Linux-Cluster (rzcluster)

no/neinStudents yes/jaEmployees yes/jaFaculties no/neinStud. Unions

rzcluster (2016)

For serial and moderately parallel computations the University Computing Centre operates a separate Linux cluster (rzcluster). Currently, this system consists of 142 compute nodes with different processor architectures and in total 1948 cores. The main memory configuration varies between 32GB and 256GB. In addition to Gigabit Ethernet interconnection, some of the compute nodes are equipped with an infiniband network for executing multi-node computations.


 

Informations on the new BeeGFS file system are collected here .

 

Hardware

1 Front end (login node)

  • two 6-Core Intel Xeon X5650 processors (2.7GHz)
  • 48GB main memory

 

142 Compute nodes (batch nodes)

  • main memory: 32GB to 256GB
  • different processor architectures (AMD and Intel)
  • partly interconnected with an infiniband network (QDR) 

 

Operating system

  • Scientific Linux 6.x

 

Access

User account

System access

  • On the rzcluster, computations shall be performed primarily in batch mode and only short interactive operations (such as  compiling/testing programs or scripts) are allowed on the front end. If your computations require longer interactive computation time and/or a lot of main memory, please contact us in advance.
  • Access to the front end rzcluster.rz.uni-kiel.de is possible only via an SSH-connection established within the internal network of Kiel University:

    ssh -X <username>@rzcluster.rz.uni-kiel.de

  • Please note that the preceding $-sign represents the command line prompt and is not part of the input!
  • With the additional option -X (uppercase X) one activates X11-forwarding.
  • Suitable SHH-clients for a Windows-PC are Putty, X-Win32 or MobaXterm. MobaXterm and WinSCP can be used for data transfer.

 

File systems

For distinct tasks, the rzcluster provides different file systems:

Home directory

  • Accessible via the environment variable $HOME
  • Global file system with daily data backup
  • Directory for scripts, programs and small amounts of results

 

Work directory

  • Global file system without data backup
  • For each user there exists a work directory. Those directories are distributed over different file servers to achieve better performance. For new users a work directory is created automatically on the parallel BeeGFS filesystem /work_beegfs.
  • Batch computations shall be performed only in this directory.

 

Local disk space

  • Via the environment variable $TMPDIR local disk space is available on each batch node.
  • Particularly I/O-intensive computations should be performed always in this directory.
  • Attention: The local disk space is only available during a running batch job, i.e., all data on the local disk space will be removed automatically after job termination.

 

Tape library

  • Files which are currently not used should be transferred to the additional file system /nfs/tape_cache as archived data (for example as a tar file).
  • Files under /nfs/tape_cache will be stored automatically on tape after a while.
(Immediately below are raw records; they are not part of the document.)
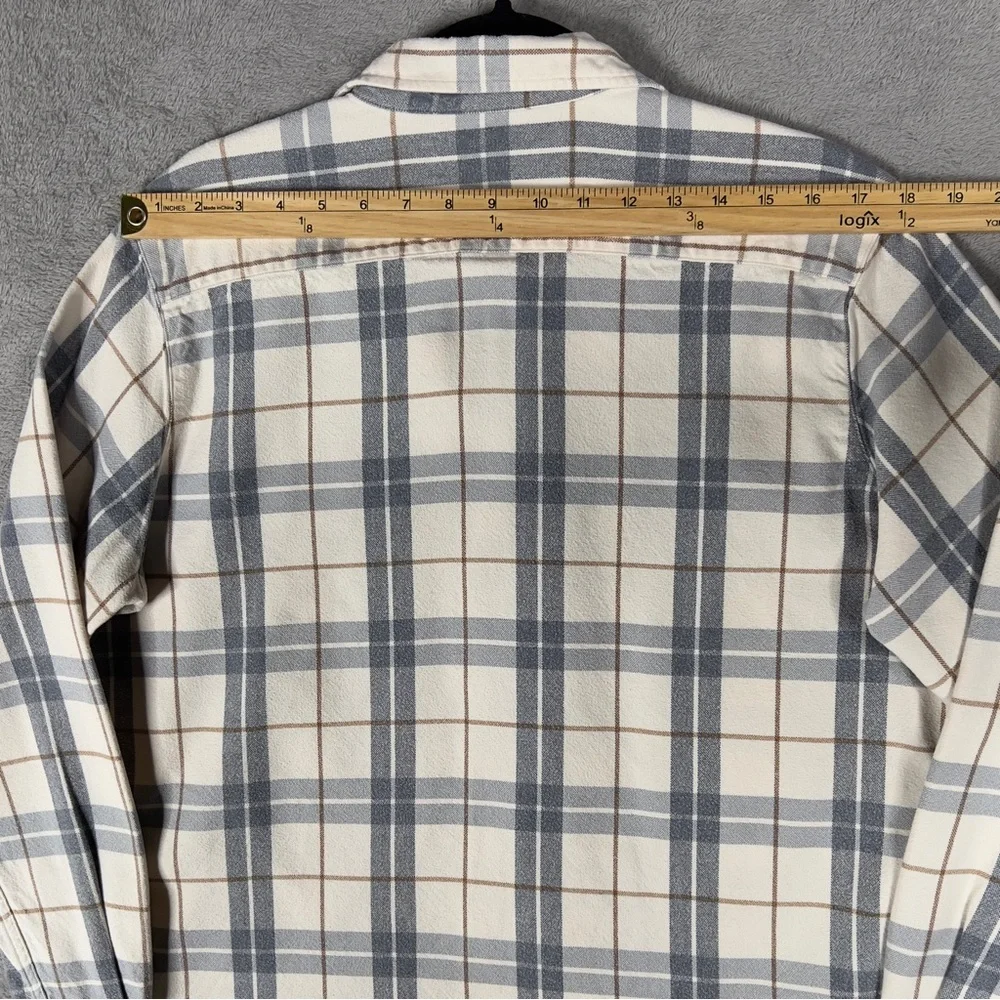 Frank & Eileen Eileen Relaxed Plaid Button Up Shirt Women's Large Cream Gray - Picture 9 of 10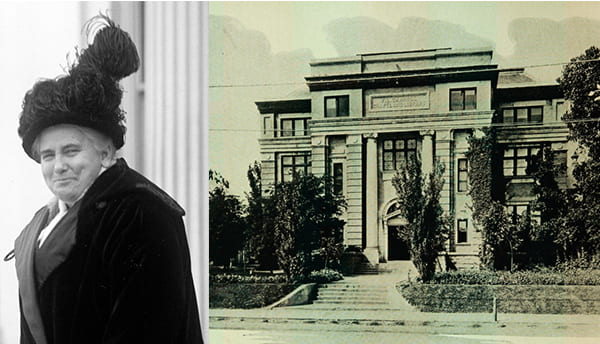Anna Howard Shaw in 1914 and the Carroll Library where she spoke in 1919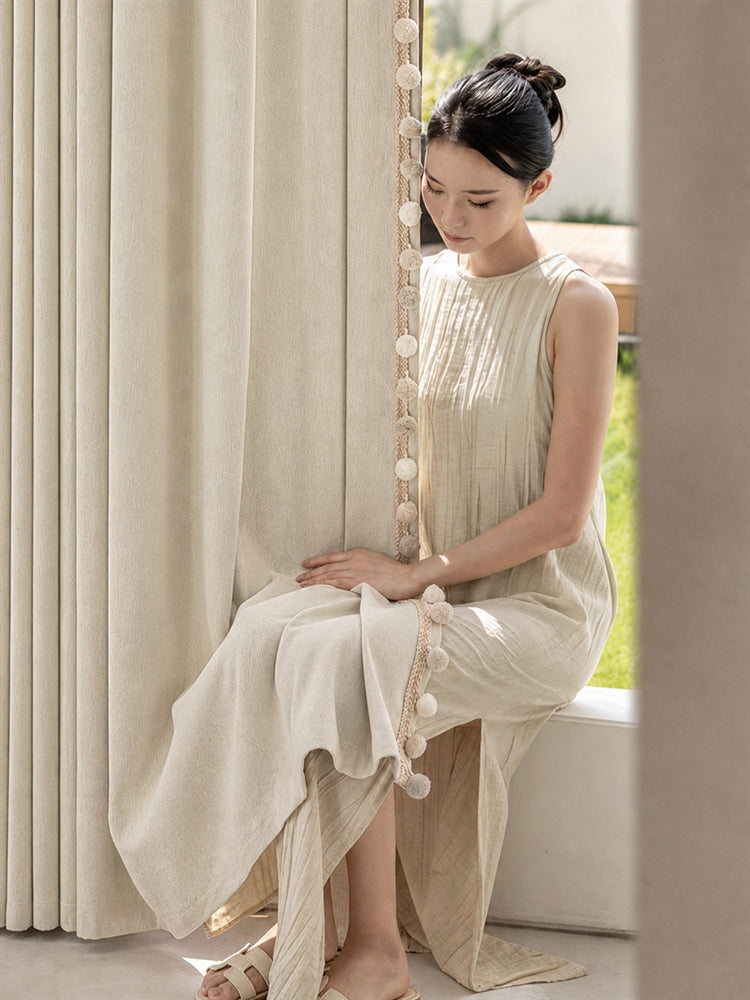 Maupassant ivory chenille curtain with decorative pom-pom trim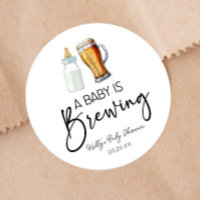 A Baby Is Brewing Bottle Beer Glass Baby Shower Classic Round Sticker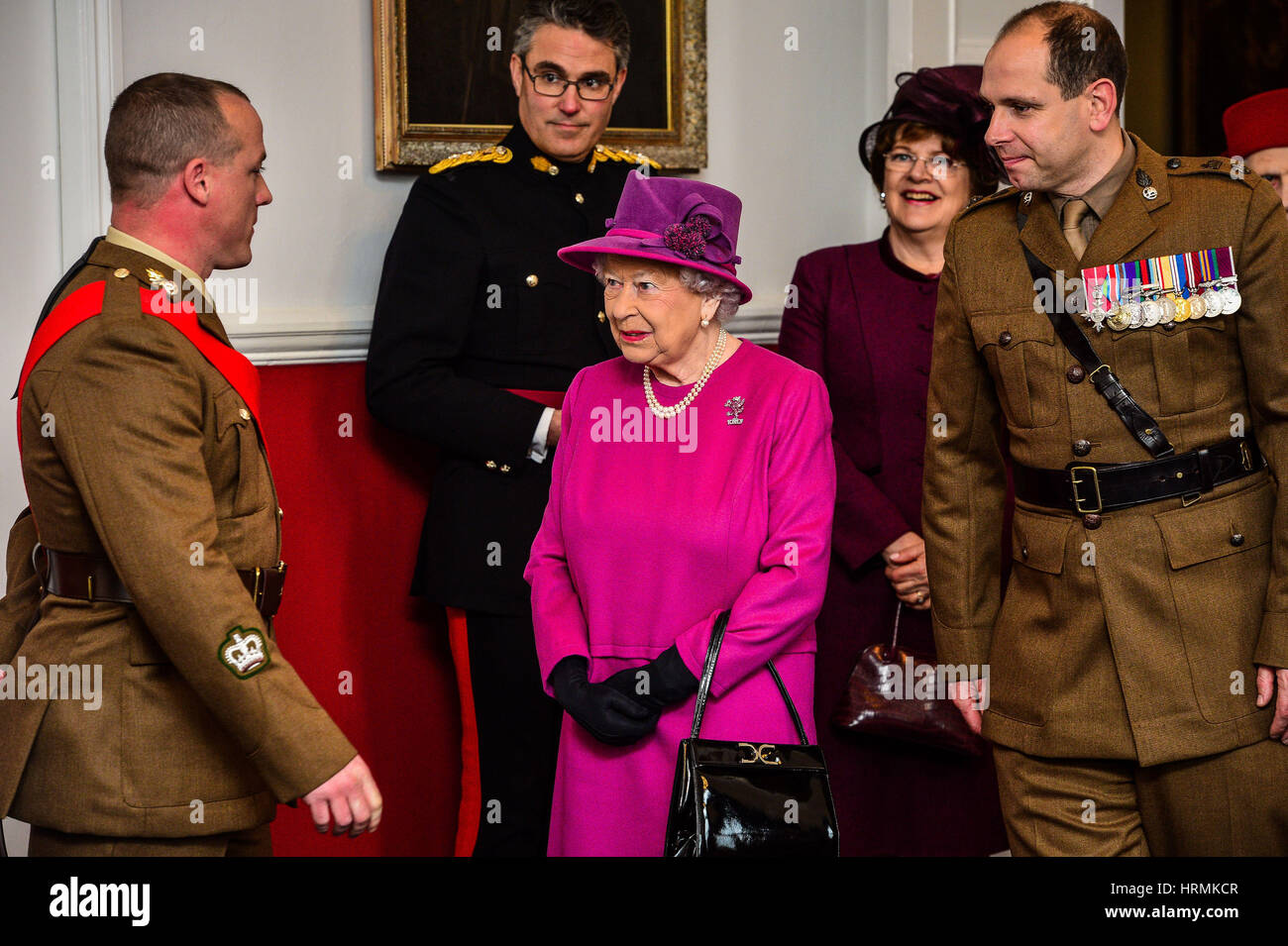 Queen Elizabeth II speaks to soldiers from the Royal Welsh Regiment at Lucknow Barracks in Tidworth, Wiltshire, during a visit to mark St David's Day. Stock Photo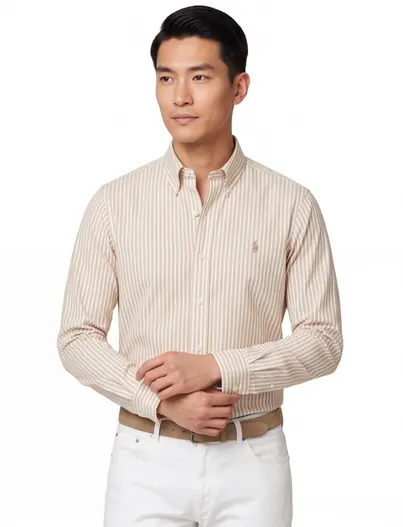 Polo Ralph Lauren Polo Ralph Lauren overhemd camel wit gestreept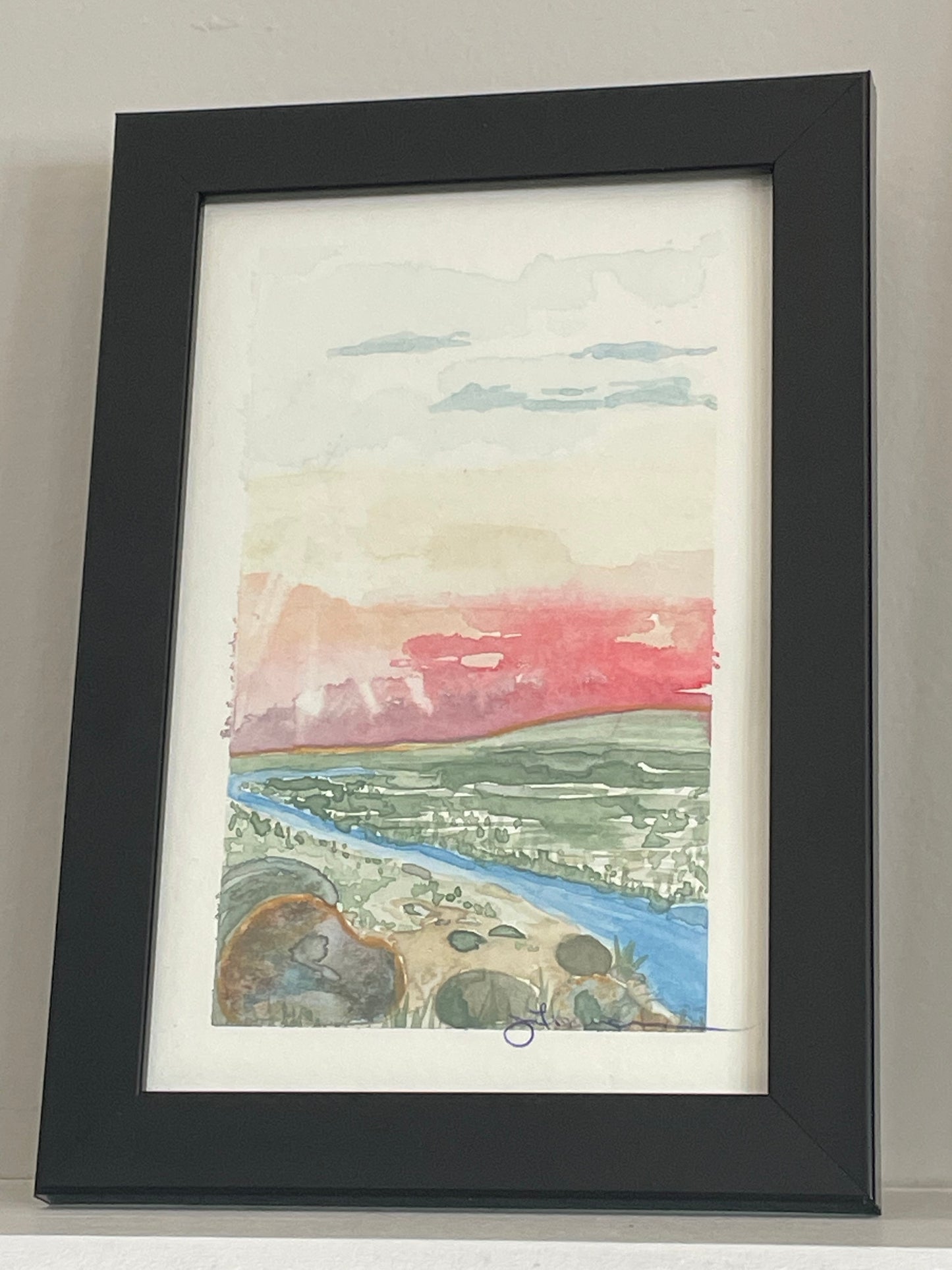 Water colour 5x7 framed painting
Nevertheless, it is possible, at any time, to copy the data back to the home or work directory.
  • Not suitable for the storage of a lot of small files
  • Recommended size of an archived file: 3GB to 50 GB (max. size of one tar-file should not exceed 1TB)
  • Data transfer to and from the tape library must not be performed with the rsync command
  • Attention: Slow access speed - avoid to work directly with files on the tape library. Instead, copy files back to the work directory before further processing (incl. unpacking).

 

Software

Compiler

  • For compilation of serial and parallel programs, there are several compilers on the rzccluster:
    • gnu compiler: gfortran, gcc und g++
    • Intel compiler: ifort, icc und icpc (for initialization use the command module load intel16.0.0 )
    • Portland compiler: pgf90, pgcc und pgCC (for initialization use the command module load pgi16.161 )

 

MPI parallelization

  • For the development and execution of MPI-parallelized programs, the rzcluster provides the Intel-MPI environment.
  • For initialization use the command: module load intelmpi16.0.0
  • Compilers:
    • mpiifort, mpiicc und mpiicpc (use of the Intel compilers)
    • mpif90, mpigcc und mpigxx (use of the gnu compilers)
  • Multi-node computations:
    • For multi-node MPI computations, the involved batch nodes need to communicate without password request. To achieve this, each user has to perform once the following two steps on the login node of the rzcluster:
      1. Create a SSH key pair with the command:
        ssh-keygen -t rsa  (confirm requests only with Return)
      2. Copy the public key with the command:
        cp $HOME/.ssh/id_rsa.pub $HOME/.ssh/authorized_keys

 

Libraries

  • netcdf, hdf5, fftw, mkl, ...

 

User software

  • Tubomole, Python, R, SPSS, Matlab, ...
  • Due to licensing reasons, there are different Matlab versions for members of Kiel University and employees of GEOMAR. If you belong to the latter, please load the corresponding module with the ending _geomar.

 

Module concept

  • Compilers, libraries, software and specific tools are provided via a system-wide module concept.
  • An overview of the installed programs can be obtained by entering the following command: module avail
  • Further commands for software usage:
    Command Explanation
    module load <name>

     

    Loads the module <name>, i.e., performs all settings which are required for using the program
    module unload <name> Removes the module, i.e., resets all settings
    module list Lists all modules which are currently loaded
    module show <name> Displays the settings which are performed by the module

 

Batch processing

As of December 2016, we deploy on the rzcluster the batch system Slurm to manage the workload: http://slurm.schedmd.com/ .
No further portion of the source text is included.